Sadreddin Hoca’dan bahsedip çocuklarından bahsetmemek olmaz. Metin Yüksel, 1979 yılında Fatih Camii’nde Cuma namazı çıkışı şehid edilmişti. Edip Yüksel, “19 mucizesi” olarak nam bulan sapkın görüşleri ile tanınan bir kişidir. Sadreddin Hoca, Edip’in bu görüşlerinden dolayı kendisine reddiye yazmış ve mesafeli durmuştu. Müfit Yüksel, sosyolog kimliği ile tanınıyor. Alevilik, tarikatlar ve Kürd sorunu ile ilgili olarak görüşlerine başvurulan Müfit Yüksel, son dönemlerde İstanbul’daki tarihî eser ve mekânlar üzerine araştırmalar yapmaktadır.
Merhum Süreyya Yüksel ise 70'li yıllarda ders grupları oluşturmaya başlamıştı. Tevhidî bilincin kadınlar arasında yayılması konusunda o dönemde büyük çalışmalar yapmış ve arkasında donanımlı birçok talebe bırakmıştır.
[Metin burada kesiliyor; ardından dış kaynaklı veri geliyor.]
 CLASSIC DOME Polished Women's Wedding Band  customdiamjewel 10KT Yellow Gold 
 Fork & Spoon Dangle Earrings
Suffe adını verdiği kurslarda yirmi yıl boyunca tefsir ve çeşitli dersler vermişti. Büyük bir talebe kitlesi yetiştirmişti. Başörtüsü mücadelesinde aktif rol almıştı. Hayatının sonuna kadar Süreyya Hanım bunu devam ettirdi.
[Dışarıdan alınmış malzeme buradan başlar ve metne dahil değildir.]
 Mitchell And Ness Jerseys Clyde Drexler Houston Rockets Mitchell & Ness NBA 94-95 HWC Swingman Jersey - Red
Ziyaretine gelenlere kendi elleri ile ikramda bulunmuş ve muhabbet etmişti
Âlim şahsiyetler toplumların yönlerini belirlemesinde ana unsurlardan biridir. Türkiye toplumunda bu sorumluluğu yerine getiren nadir şahsiyetlerden biridir Sadreddin Hoca. İlmî donanımı yanında gösterdiği tevazu ve vakur duruşu ile bir kuşak için mükemmel bir örneklik göstermiş ve Müslümanların gönlünde taht kurmuştur. Hayatının sonlarına doğru baş gösteren göz hastalığına kadar sürekli ilim tedris etmiş ve talebelere ders vermeye devam etmişti. Herhangi bir sebep ile kendisini ziyarete gelen her insana kapısını açmış, kendi elleri ile ikramda bulunmuş ve muhabbet etmişti. İlmi ile amil ve tevazu ehli olan Sadreddin Hoca, bu özellikleri ile birlikte ilmî ve fikrî anlamda dik duruşunu bozmamıştı.
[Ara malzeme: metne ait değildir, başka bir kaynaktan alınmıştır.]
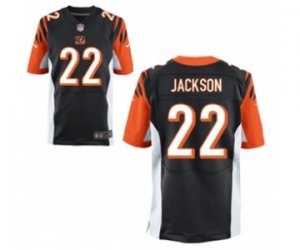 Men\'s Nike Cincinnati Bengals #22 William Jackson Elite Black Team Color NFL Jersey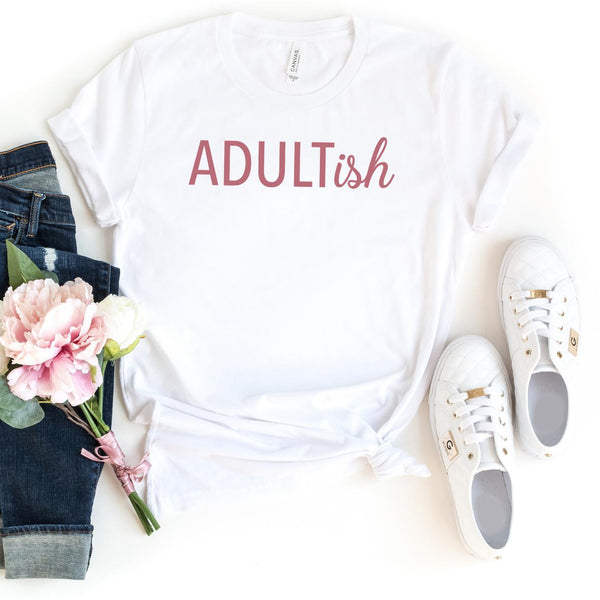T-Shirt-ADULTish T-Shirt-S-White-Jack N Roy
Sadreddin Yüksel ve Metin YükselSadreddin Hoca’nın vefatı ile dünya Müslümanlarının kıymetli bir meşalesi sönmüştür. Peygamber varisi olan bu güzel insan vuslata ermesi ile geride büyük bir boşluk bırakmıştır. Bir mumun karanlığı aydınlatması gibi yaşadığı dönemde çevresini aydınlatmıştı. Geride bıraktığı eserleri ile topluma ışık saçmaya devam etmektedir.
Gerek ilmî donanımı ile, gerek şehid Metin’in babası olarak, gerekse de merhume Süreyya Yüksel gibi bir âlimenin babası olarak yaşadığı çağa şahitlik etmiş ve yaşadığı toplumun ıslah ve ihyası için ömrünü veren değerli bir âlim olarak ümmetin yüzakı olan bir şahsiyettir Molla Sadreddin Yüksel.